This exercise is a continuation of The Estimation Quest. It covers some additional aspects of **software planning** (incl. scoping, risk/change management and scheduling) and *could be used to demonstrate some major differences between the traditional and agile software development in this regard*.

**Timing**

The timing largely depends on the number of participants and the level of uncertainty and dynamicity introduced as part of the exercise.

**Materials**

Papers, pens and calculators. Scales would be also needed as participants would be estimating body weights.

**Introduction**

Split participants into two equally sized teams (preferably greater than 6 people). If the number of participants is an odd number – one participant might be an observer and his/her observations could be used later for debriefing.

Randomly assign teams to be either “traditional” (Team A) or “agile” (Team B). Distribute papers, pens and calculators and ask each team to draw a table using the following template:

Get the actual body weights of all participants anonymously (using the scales). Then define the following controlled variables:

**N**: The size of Team A / Team B;**TA / TB**: The sum of individual body weights of all members of Team A / Team B;**BN**: The weight of one basic needs package (BN = 20 kg);**SN**: The weight of one secondary needs package (SN = 50 kg);**BR**: The number of days for one basic needs package to be consumed (BR = 3);**SR**: The number of days for one secondary needs package to be consumed (SR = 6);**TS**: The number of days for one “traditional” estimation and scheduling cycle (TS = 3);**AS**: The number of days for one “agile” estimation and scheduling cycle (AS = 0.1).

Define also the following independent variables:

**C**: Safety boat capacity (C = 2*(TBWA+TBWB) / N);**E**: The number of days before the ship would sink entirely (random number between N and 2*N);**R**: The number of days before the survivors on the island would be rescued (random number between E/2 and E + E/2).

These independent variables would be later used to control the level of uncertainty and dynamicity within the exercise (and thus making it more “traditional” or “agile” friendly).

Example: Let’s assume that N = 8, TA = 560 kg and TB = 600 kg.

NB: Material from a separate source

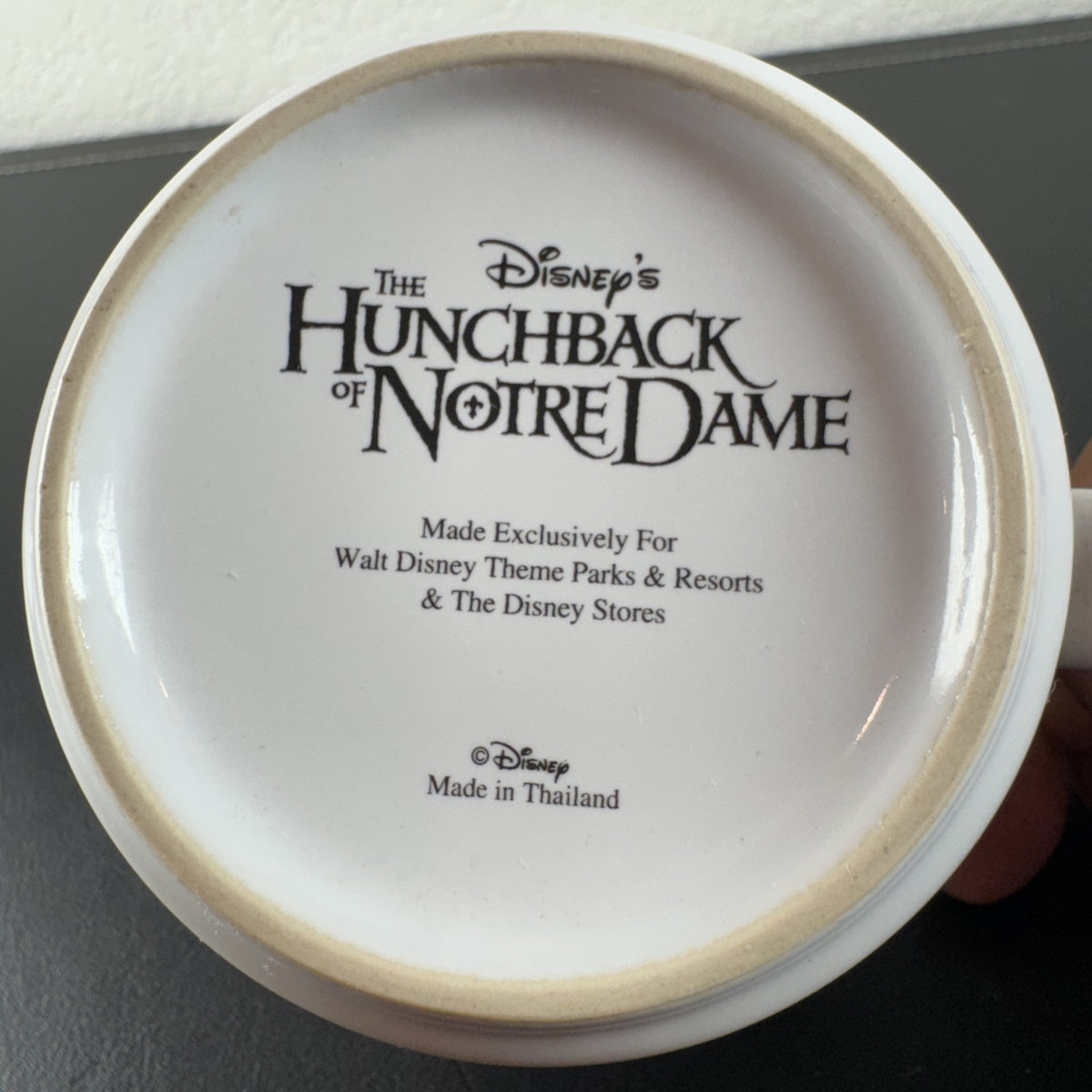 Vintage Disney Hunchback of Notre Dame ceramic mug with Festival of Fools artwork and blue interior.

Then C = 290 kg, E should be a random number between 8 and 16 days (e.g. E = 10 days) and R should be a random number between 5 and 15 (e.g. 12 days). In that case Team A’s table might looks like (changes are grayed out):

**I. Assignment**

Give teams the following assignment:

Imagine you were a captain of a cruise ship sailing around the world. Unfortunately you were caught in an ocean storm and after a tough fight with the waves the ship started sinking. You quickly realized that it was time to abound the ship. Fortunately there was а small desert island just over the horizon. However you had only one safety boat so you had to do a number of trips (each taking one day) to save all of the passengers (the members of the other team). Also

you had to take some food and water as well as some clothing and first-aid appliances from the ship in order to guarantee the survival of the passengers before they are found by the Coastal Rescue Service. Your ultimate goal was to save as many passengers as possible. But there were some constraints. First you should not violate the capacity of the safety boat with more than +/-10%. Otherwise the safety boat would keel over and you would lose all of its passengers. Also you should verify that the basic (food and water) and the secondary (clothing and first-aid appliances) needs of the passengers were fulfilled on the island or otherwise you would lose one passenger for each day with no BN or SN packages. And hurry up – the ship is sinking and there is no much time to waste!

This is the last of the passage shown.